4.Suede – Stay Together
And this is where I turned ‘indie’. The first two ‘grown-up’ / non-metal tapes I bought were this and ‘Saturn 5’ by the Inspiral Carpets, for 99p each. I still think this song sounds amazing – it just had an awful lot of sounds in it that I’d never heard before and it sounded totally sinister and glamorous. The Inspiral Carpets song on the other hand just had a stupidly catchy keyboard riff and lyrics about a spaceship. I think this was not all that long before ‘Brit-Pop Summer’ when I got a job in a Spar shop and bought my first CD player, and spent the summer listening to Oasis, Blur, Sleeper, Pulp et al. Annoyingly though, none of my friends shared this interest – they’d all switched to listening to dance music and superclub compilation albums and stuff, which needless to say I couldn’t get with.
5.Beck – Sissyneck
It may seem a cliché so say so, but when I first heard Odelay it just sounded like .. music from another planet. I didn’t know anything about hip-hop or sampling or funk or folk or any of the other things he was referencing / mixing together, and having previously only really listened to straightforward rock and pop, it was just like .. this music is made by a complete mental person.. obviously I loved the killer tunes, and the surrealist lyrics really connected with my interest in weird books and films and paintings in a way that other music hadn’t, and my reaction was just “Yes! This is music for crazy people – this is my kind of music!” It was my most played CD for about two years or something. I thought the way he’d drop in spoken world samples and transform songs halfway through into something completely different was just the best thing ever. And it seems odd in retrospect, but it really freaked out my friends and family – they were like “what the hell is this? Some kind of weird country n’ western rap thing?? Turn it off!”

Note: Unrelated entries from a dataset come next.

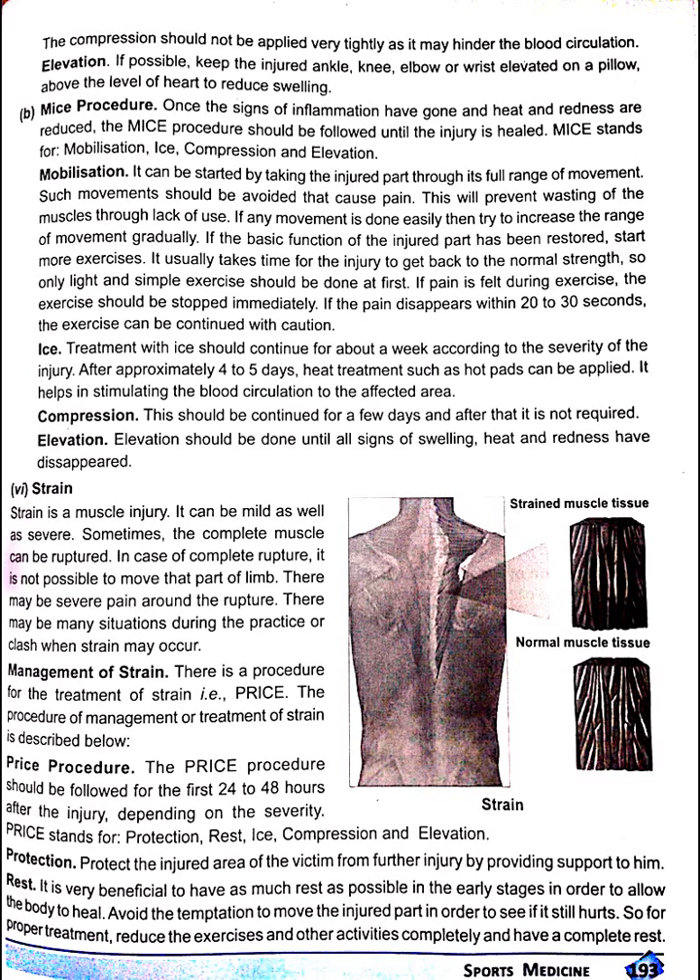Now let's discuss the sixth category, which is strain. Strain is a muscle injury. It can be mild as well as severe. Sometimes the complete muscle can be ruptured. In case of complete rupture, it is not possible to move that part of the limb. There may be severe pain along the rupture. There may be many situations during practice or a clash when strain may occur.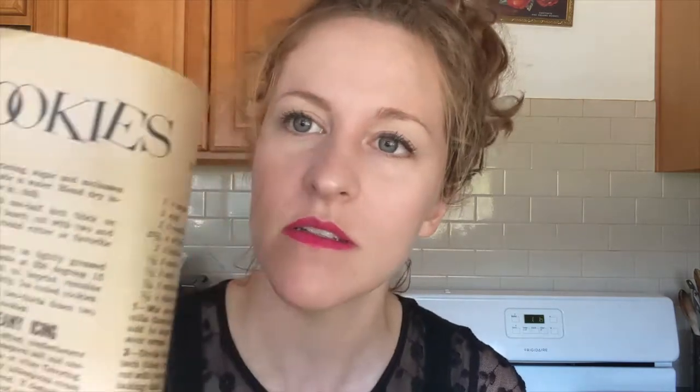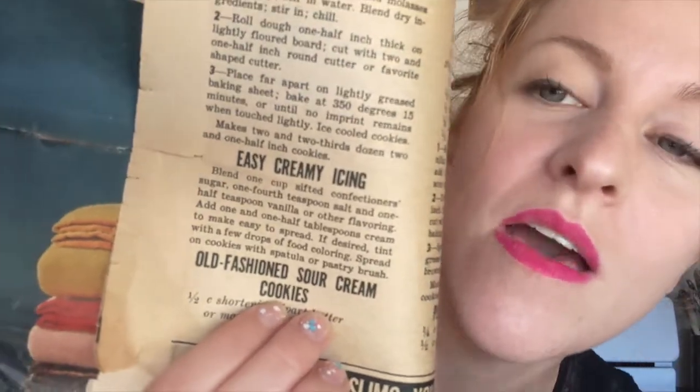So today we're making cookies, and I found a really fun recipe in grandma's box. It's from an old magazine with a bunch of different kinds of cookies, but today we're making old-fashioned sour cream cookies. If you go to my Instagram, which is at Like Grandma Used to Make, people voted on this — go to my Instagram if you want to vote on the next recipes I make. Sour cream in my cookies? Maybe. This magazine is from the 50s, so we know this recipe is from the 50s.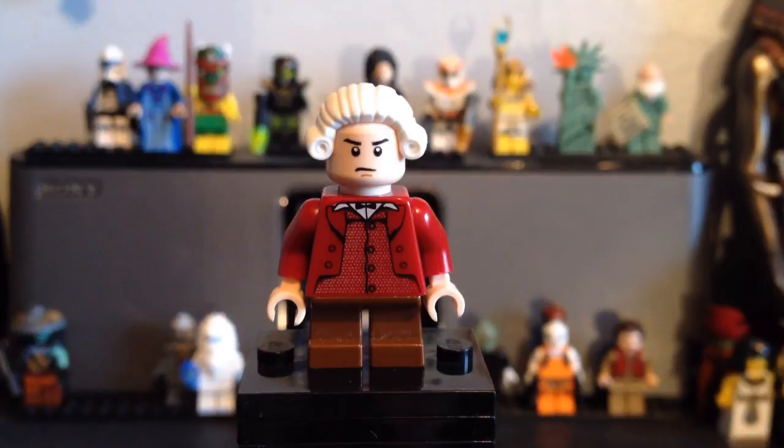He is my favorite character from Pirates of the Caribbean — he's really cool and kind of an underrated character. I'm surprised they didn't make him because he's one of the main ones, but I have made my own.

6.Helen Love – Does Your Heart Go Boom?
The brit-pop thing helped turn me into an avid Steve Lamacq listener, and by the year I did my GCSEs I was completely hooked. My local town didn’t (and doesn’t) have anywhere that sold records, let alone records of the dodgy indie variety, so I just recorded all my favourite songs off the radio. And still do actually, although obviously my choice of radio show has changed. Most of the stuff I recorded consisted of absolutely forgettable indie fodder crap, but some of it, like this track, was absolutely BRILLIANT; a hyperactive DIY casio imitation of happy hardcore topped with punky thrash guitar fuzz and a girl singing about bombing Kula Shaker concerts – yes!! And when I found out she/they came from Swansea, I was just .. worshipful. And still am! I should have sought them out and pledged eternal devotion, but I assumed that since they’d been played on the radio they’d be dead famous and have loads of fans. Obviously They didn’t, and they’d probably have been .. quite scared. Also worth a mention are Urusei Yatsura and iDLEWiLD who helped crystallise my love fucked up guitar noise and punky chaos (being unaware of their obvious influences - Sonic Youth, Pavement, Jesus & Mary Chain etc. - I thought they were just the coolest), and the largely non-existent ‘brat-pop’ scene, as publicised by the Melody Maker and ‘spearheaded’ by the likes of Gel, Vyvyan, Cheetera and the Chicks, whose records I didn’t have a chance in hell of finding (I’m still looking!); all these girls and boys not much older than me done up in glam-indie fanzine chic playing fucked up, amateurish pop music – just impossibly cool..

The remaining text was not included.